L’arrivée de Sheikh Khalifa au pouvoir après un coup d’État de palais qui renversa son père, en 1995, a ouvert le Qatar au monde, avec en premier lieu, la création de la chaîne Al-Jazira dont l’influence sur les masses arabes n’est plus à démontrer, le développement des investissements dans le GNL et une volonté de présenter une alternative à sa puissante et très conservatrice voisine, l’Arabie saoudite.
Les exportations d’hydrocarbures représentaient 50% du PNB, en 2011 bien que le Qatar possède de faibles réserves de pétrole, à la différence de ses voisins, et s’il perçoit moins de revenus, le prix du GNL étant inférieur à celui du pétrole brut, son PNB est quand même passé de $17,5 milliards en 2001 à $127 milliards en 2010.

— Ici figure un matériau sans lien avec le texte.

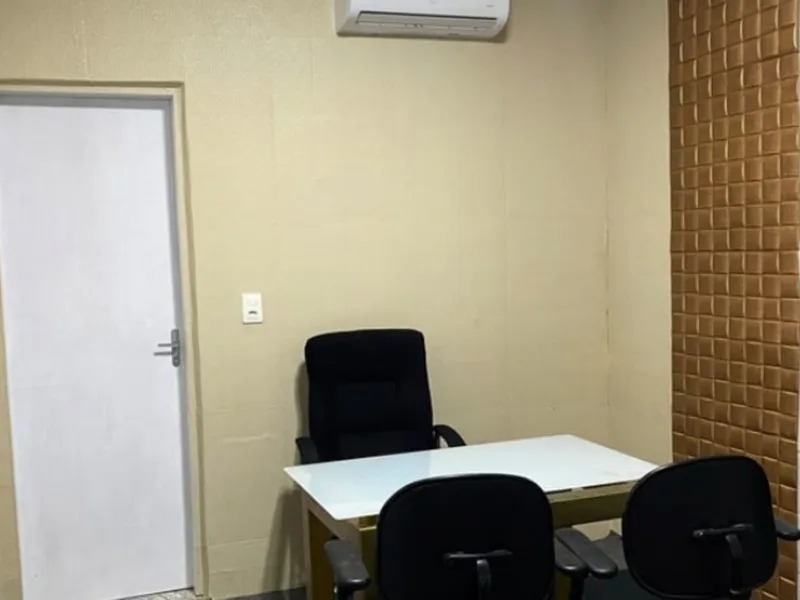 Sala de Atendimento e Aula - RI — Parque Guadalajara (Jurema), Caucaia/CE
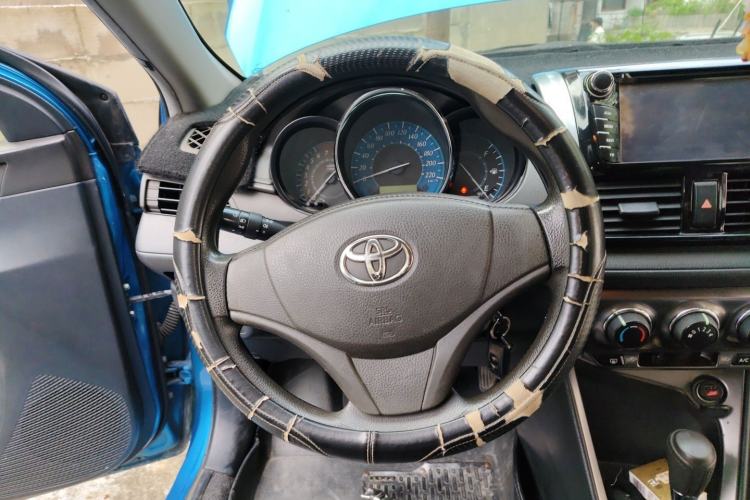 Used Toyota YARiS L Zhi Xuan 2014 1.3E Automatic Charm Edition Steering Wheel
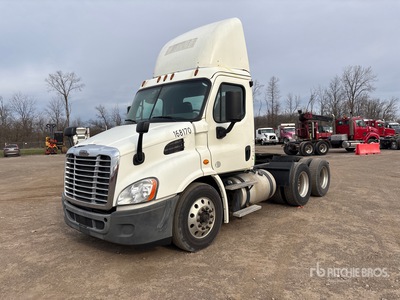2017 Freightliner Cascadia 113 6x4 Ciągnik siodłowy T/A z kabiną dzienną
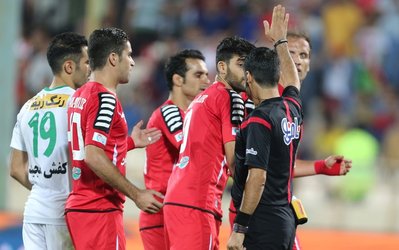 خسروی: بخشیدن کارت قرمز بنگر ممکن نیست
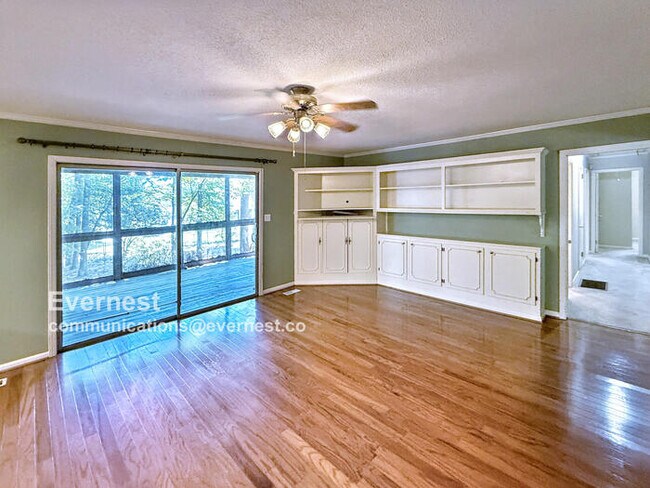 Foto del edificio - 2723 Acton Rd
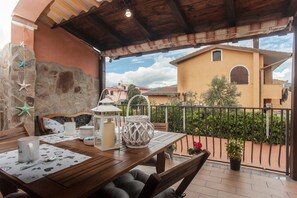 Outdoor dining - Holiday Apartment ‘Casa Vacanze Pula' with Balcony & Terrace (Pula)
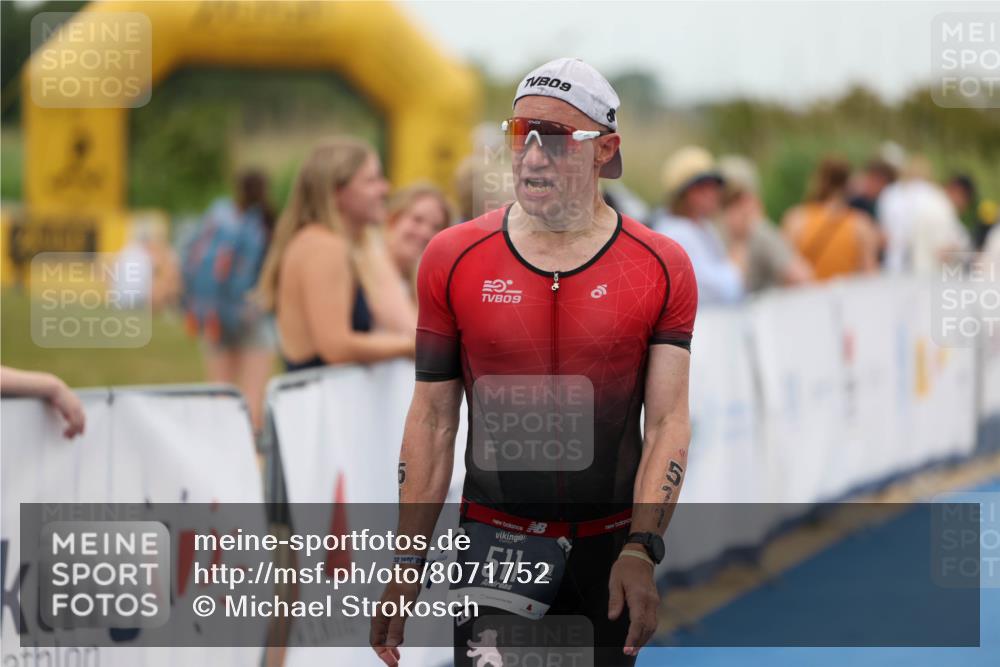 22.06.2025 - Viking Triathlon Michael Strokosch http://msf.ph/oto/8071752 22.06.2025 15:45:11 Ziel 465, 511 meine-sportfotos.de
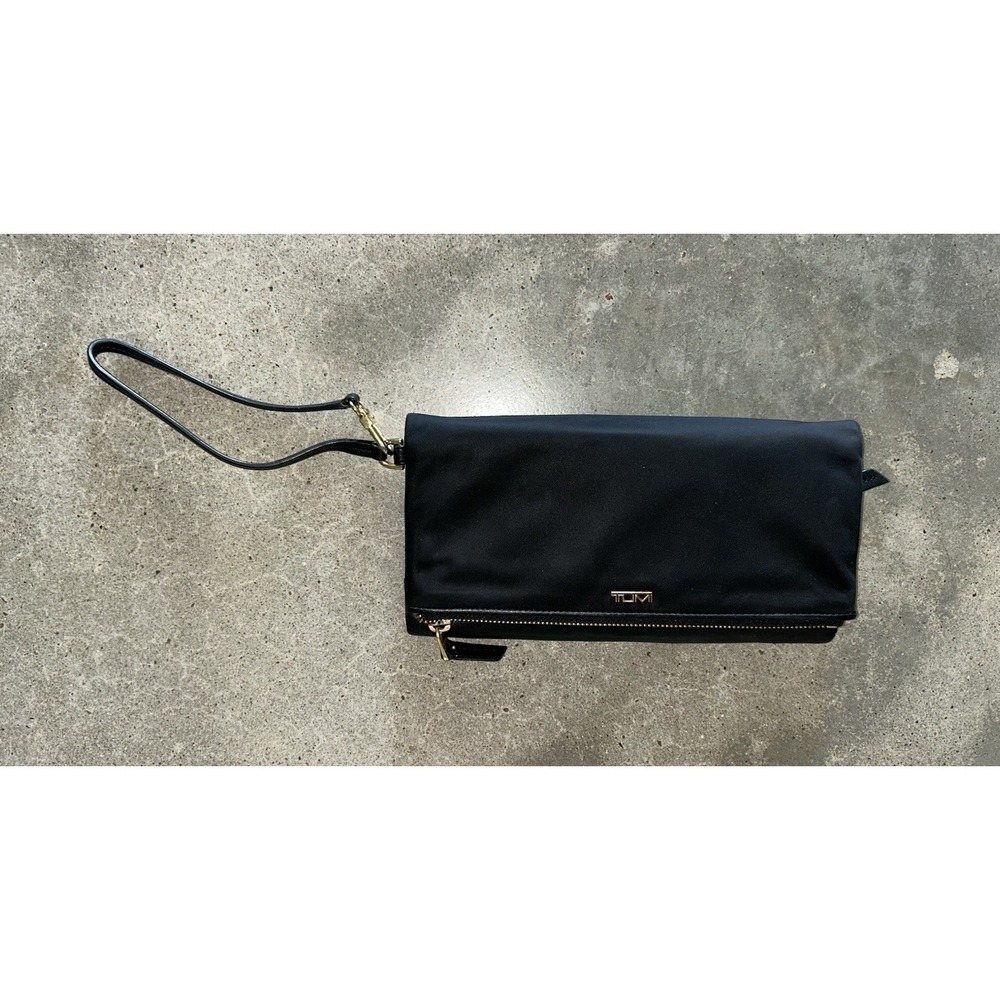 TUMI Voyageur Travel Wristlet Wallet Black Passport Card Cash Holder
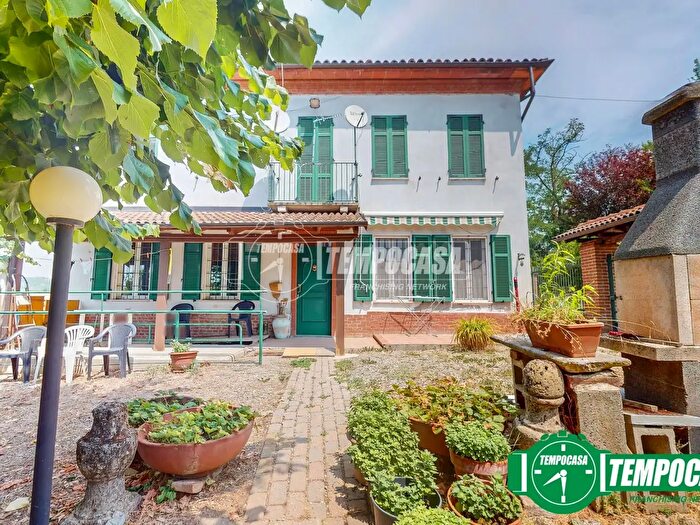 Casa con 6 locali in vendita in San Salvatore Monferrato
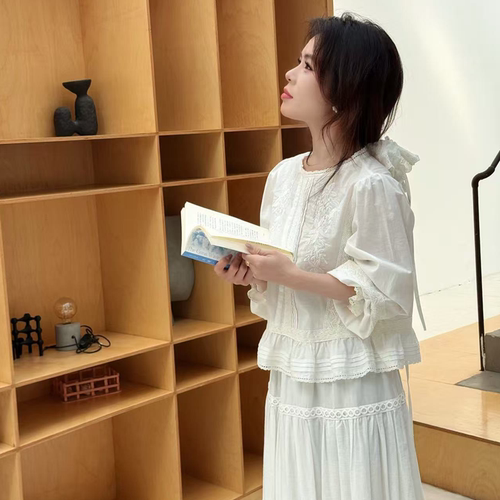 几里与麻白茉莉蕾丝刺绣衬衫女
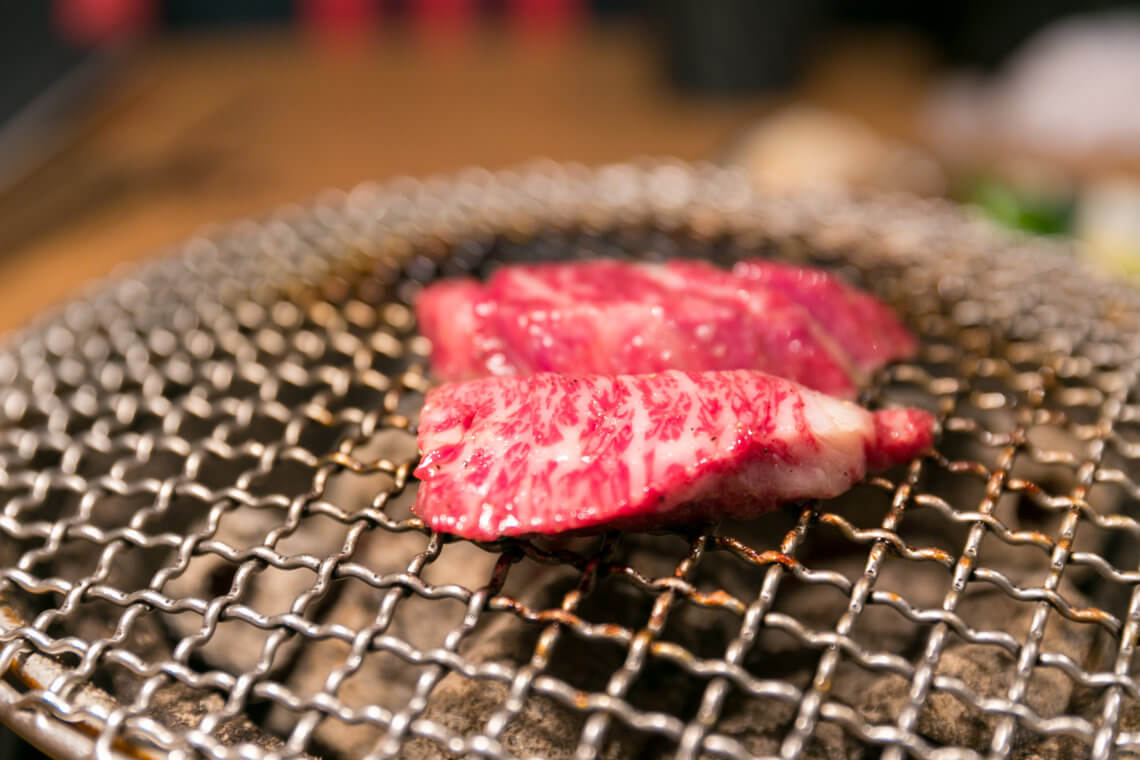 日式烧肉。你必须在大阪吃这些菜，由Boutique Japan出版。华体会手机版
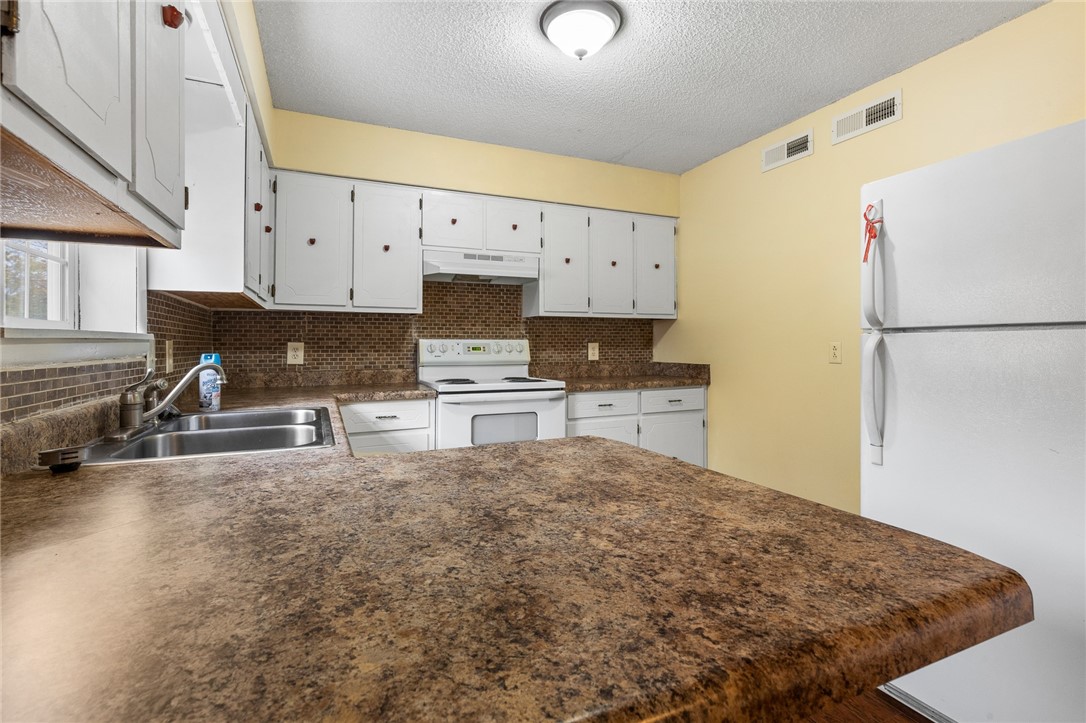 Cedar Ridge Ph Ii - Residential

Stabilité intérieure, absence de tensions religieuse, meilleure relations que ces voisins avec l’Iran avec lequel il partage l’exploitation du gigantesque champ de gaz du North Field sur la côte Nord du Qatar, ont permis au petit émirat d’affirmer son influence dans les conflits récents, – en premier lieu en Lybie et en Syrie – par le biais de la diplomatie avec ses alliés occidentaux, et du soutien direct financier et logistique aux rebelles. Ses immenses réserves de devises lui ont permis d’investir tout azimut. « Le Qatar recueille les fruits d’une stratégie de développement lancée par le gouvernement dans les années 1990 et basée sur une ouverture de l’économie parallèlement à un plan clair de diversification de ses sources de revenus« , affirmait en juin la Banque nationale du Koweït dans un rapport.
Tout semble donc au beau fixe, pour l’instant, et le Qatar pourra produire du gaz pendant les vingt prochaines années. Mais le prix devant atteindre son niveau maximum dans les trois ou quatre prochaines années, le Qatar, selon les analystes de Stratfor, risque de se trouver confronté à une double menace : la concurrence de marchés plus compétitifs comme les États-Unis et la baisse de ses revenus gaziers. D’où la tendance à faire signer à ses clients habituels des contrats à long terme, jusqu’à 20 ans pour certains. Électron libre des États du Golfe, dépendant, cependant de l’économie mondiale, l’émirat al-Thani pourra-t-il asseoir durablement son hégémonie régionale et internationale en matière de politique extérieure ? « La Fenêtre de l’indépendance économique fermée, le Qatar doit concentrer l’équivalent de deux ou trois décades d’engagement dans la politique extérieure régionale en seulement quelques années pour maximiser ses opportunités actuelles et sécuriser une position d’influence qui irait plus loin dans le temps que sa position dominante en matière de GNL.